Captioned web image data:
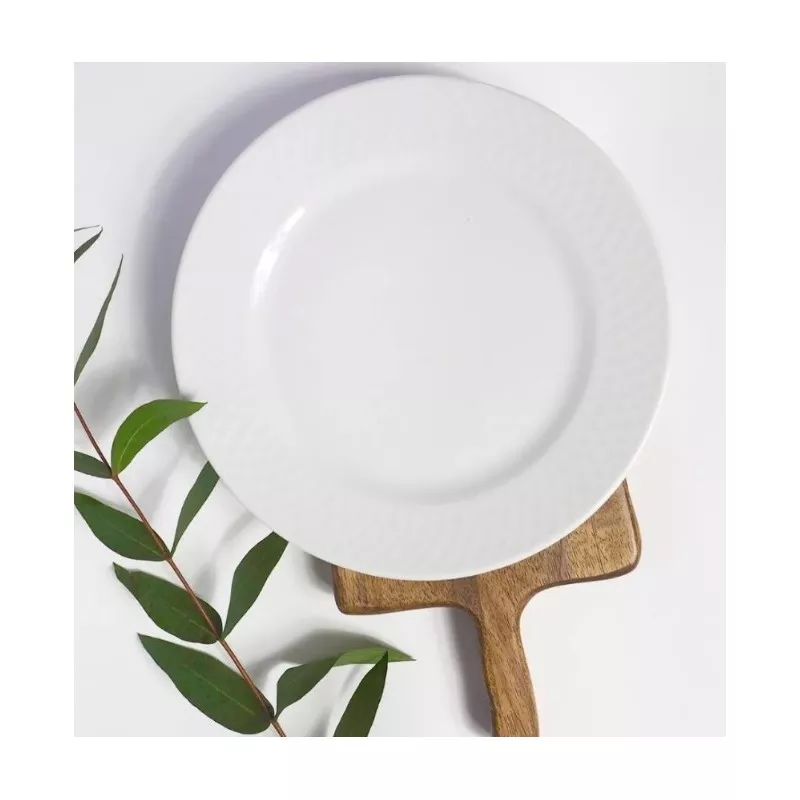 VAJILLA BALTICO BCO 18 P. 75879 ULTINOX platos blancos de porcelana con diseño elegante y acabado pulido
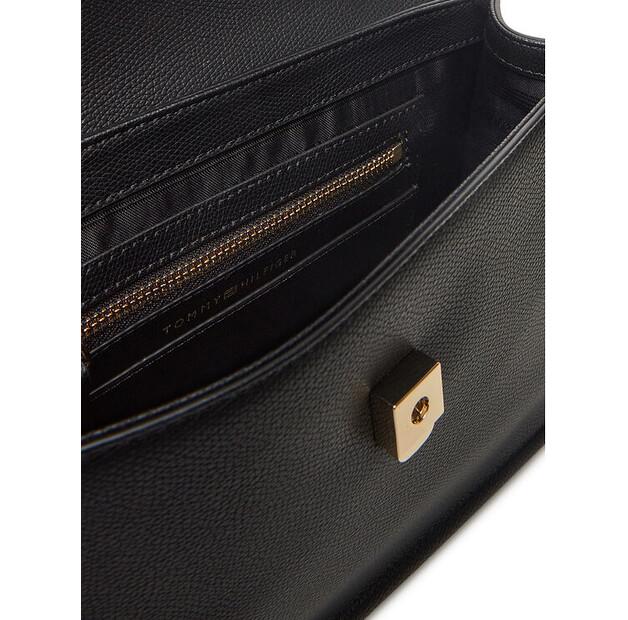 Bag Tommy Hilfiger Tommy Hilfiger Th Eternity Mini Satchel AW0AW17176 Black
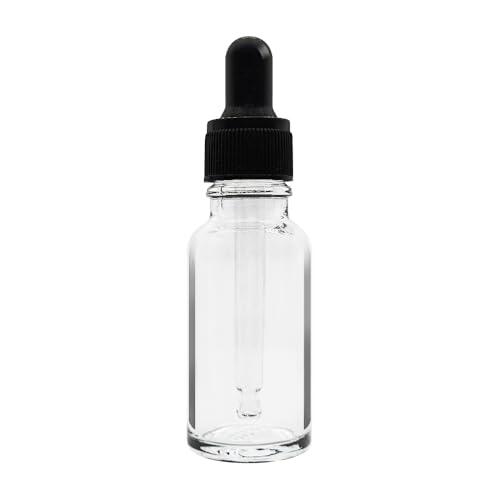 haituoyizhan 1 unidad Botella cuentagotas vacía de ámbar para aceite esencial de vidrio, líquido para aromaterapia, marrón, 5-50 ml, cuentagotas para masaje, botellas con pipeta recargables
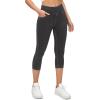 Ewedoos Jeggings for Women Pull on Capri Jeans High Waisted Stretchy Denim Jeans Capri Jeggings with Pockets Trendy Casual(Grey)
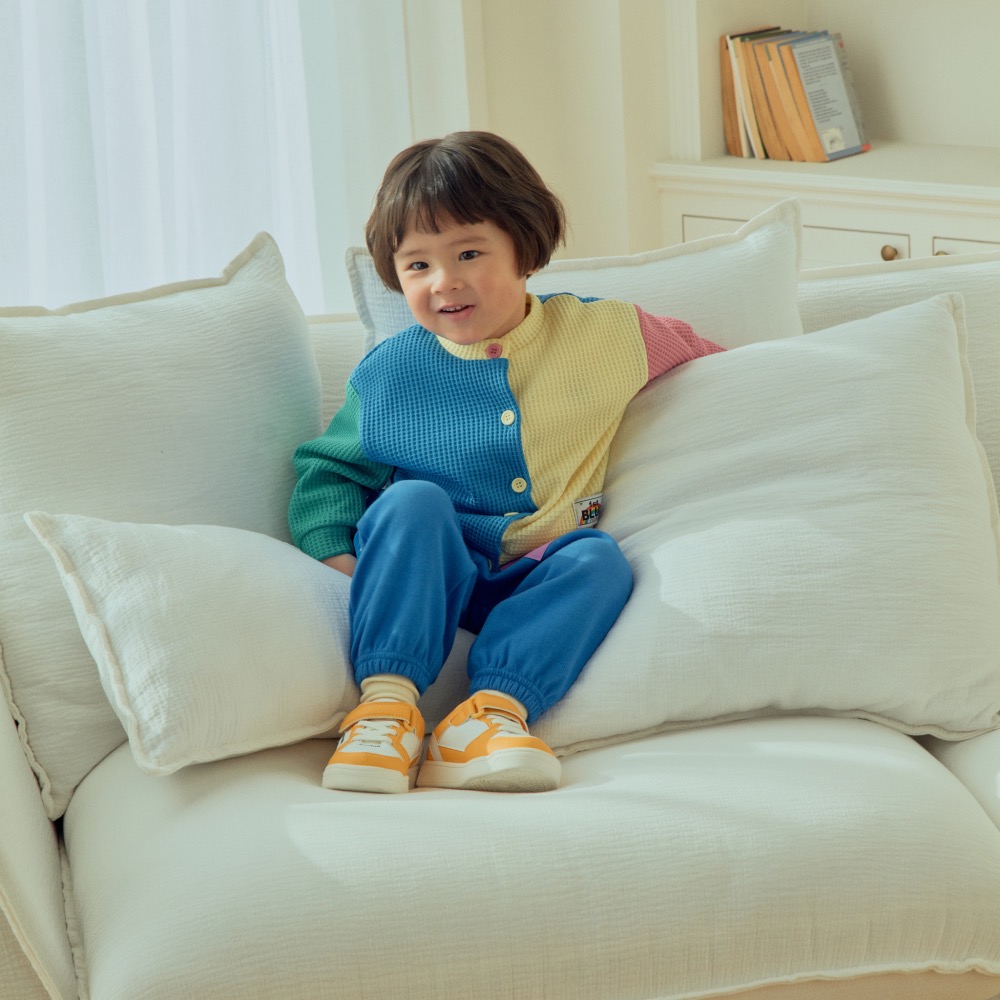 1stblue春季華夫格彩色外套上衣-細節圖3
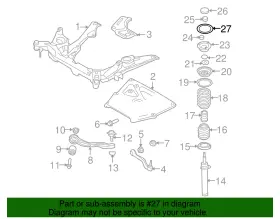 31-30-6-772-226 Bmw Genuine Strut Support Gasket #2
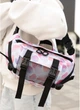 Велика тканинна жіноча поясна сумка бананка SAMBAG принт Blush Drops (1121038721) - зображення 7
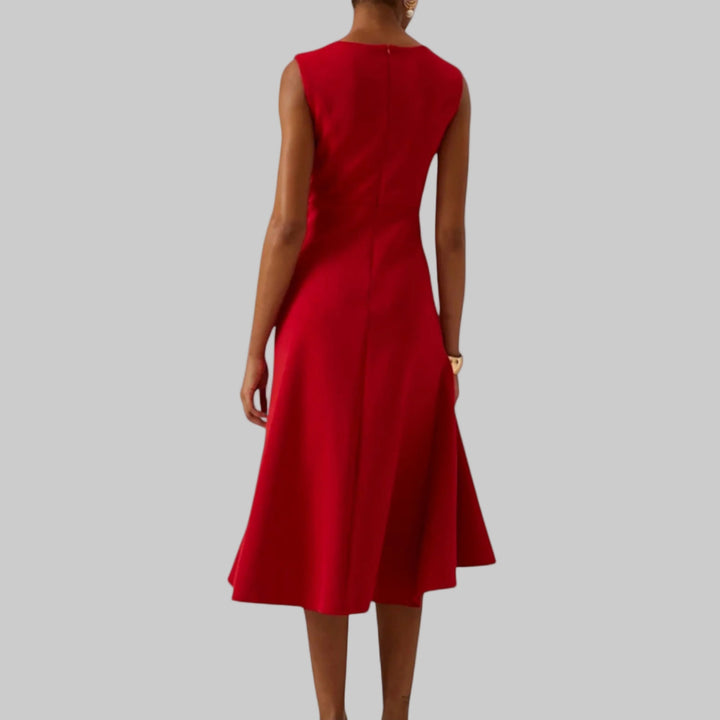 Juliette | Vestido Midi Drapeado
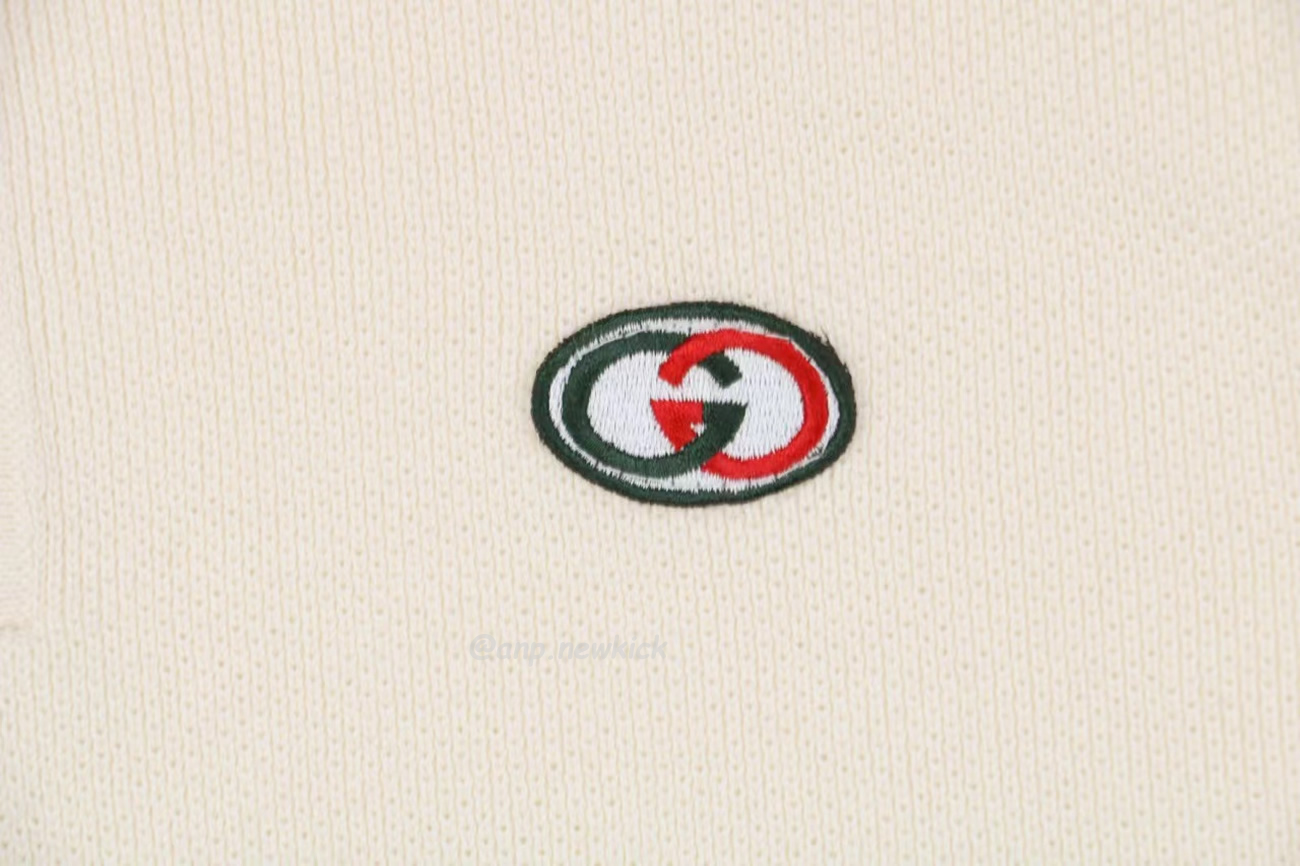 Gucci Logo Appliqued Striped Cotton Polo Shirt (4) - www.newkick.vip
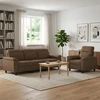 Sofa Sofos komplektas 2 vnt. Ruda Audinys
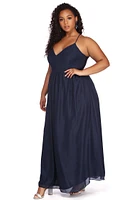 Plus Chiffon Beauty Maxi Dress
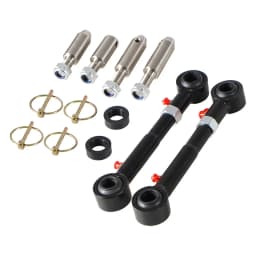 Front Sway Bar Links Disconnects Metal for Jeep JK 2/4 Doors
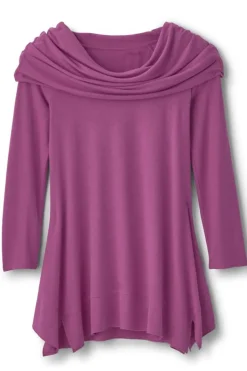 Hot B'call Knit Tunic Tops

## WHAT YOU WILL DO
The records above must be output exactly, except for their pictures.

## SOLUTION FOR THIS TASK
 VAJILLA BALTICO BCO 18 P. 75879 ULTINOX platos blancos de porcelana con diseño elegante y acabado pulido
 Bag Tommy Hilfiger Tommy Hilfiger Th Eternity Mini Satchel AW0AW17176 Black
 haituoyizhan 1 unidad Botella cuentagotas vacía de ámbar para aceite esencial de vidrio, líquido para aromaterapia, marrón, 5-50 ml, cuentagotas para masaje, botellas con pipeta recargables
 Ewedoos Jeggings for Women Pull on Capri Jeans High Waisted Stretchy Denim Jeans Capri Jeggings with Pockets Trendy Casual(Grey)
 1stblue春季華夫格彩色外套上衣-細節圖3
 31-30-6-772-226 Bmw Genuine Strut Support Gasket #2
 Велика тканинна жіноча поясна сумка бананка SAMBAG принт Blush Drops (1121038721) - зображення 7
 Juliette | Vestido Midi Drapeado
 Gucci Logo Appliqued Striped Cotton Polo Shirt (4) - www.newkick.vip
 Sofa Sofos komplektas 2 vnt. Ruda Audinys
 Plus Chiffon Beauty Maxi Dress
 Front Sway Bar Links Disconnects Metal for Jeep JK 2/4 Doors
 Hot B'call Knit Tunic Tops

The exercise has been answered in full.